Ничего не понимаю, еду и смотрю вдаль.
Книга
Лежа на гумне в омете, долго читал — и вдруг возмутило. Опять с раннего утра читаю, опять с книгой в руках! И так изо дня в день, с самого детства! Полжизни прожил в каком-то несуществующем мире, среди людей, никогда не бывших, выдуманных, волнуясь их судьбами, их радостями и печалями, как своими собственными, до могилы связав себя с Авраамом и Исааком, с пелазгами и этрусками, с Сократом и Юлием Цезарем, Гамлетом и Данте, Гретхен и Чацким, Собакевичем и Офелией, Печориным и Наташей Ростовой! И как теперь разобраться среди действительных и вымышленных спутников моего земного существования? Как разделить их, как определить степени их влияния на меня?

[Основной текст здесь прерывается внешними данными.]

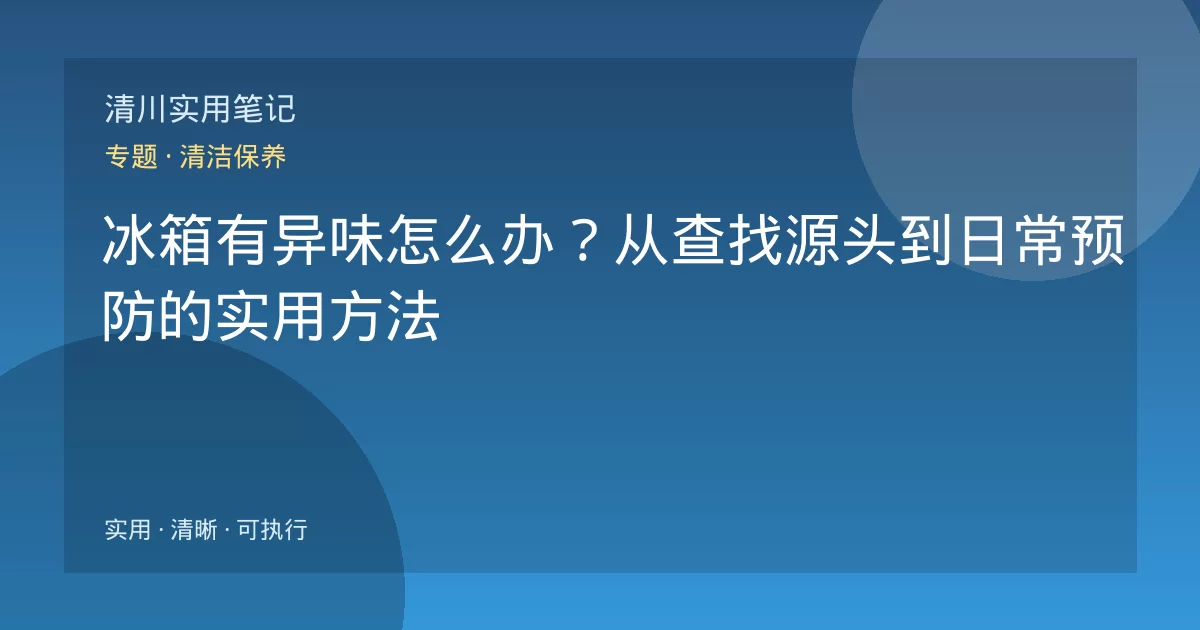 冰箱有异味怎么办?从查找源头到日常预防的实用方法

Я читал, жил чужими выдумками, а поле, усадьба, деревня, мужики, лошади, мухи, шмели, птицы, облака — все жило своей собственной, настоящей жизнью. И вот я внезапно почувствовал это и очнулся от книжного наваждения, отбросил книгу в солому и с удивлением и с радостью, какими-то новыми глазами смотрю кругом, остро вижу, слышу, обоняю, — главное, чувствую что-то необыкновенно простое и в то же время необыкновенно сложное, то глубокое, чудесное, невыразимое, что есть в жизни и во мне самом и о чем никогда не пишут как следует в книгах.
Пока я читал, в природе сокровенно шли изменения. Было солнечно, празднично; теперь все померкло, стихло. В небе мало-помалу собрались облака и тучки, кое-где, — особенно к югу, — еще светлые, красивые, а к западу, за деревней, за ее лозинами, дождевые, синеватые, скучные. Тепло, мягко пахнет далеким полевым дождем. В саду поет одна иволга.
По сухой фиолетовой дороге, пролегающей между гумном и садом, возвращается с погоста мужик. На плече белая железная лопата с прилипшим к ней синим черноземом. Лицо помолодевшее, ясное. Шапка сдвинута с потного лба.
— На своей девочке куст жасмину посадил! — бодро говорит он. — Доброго здоровья. Все читаете, все книжки выдумываете?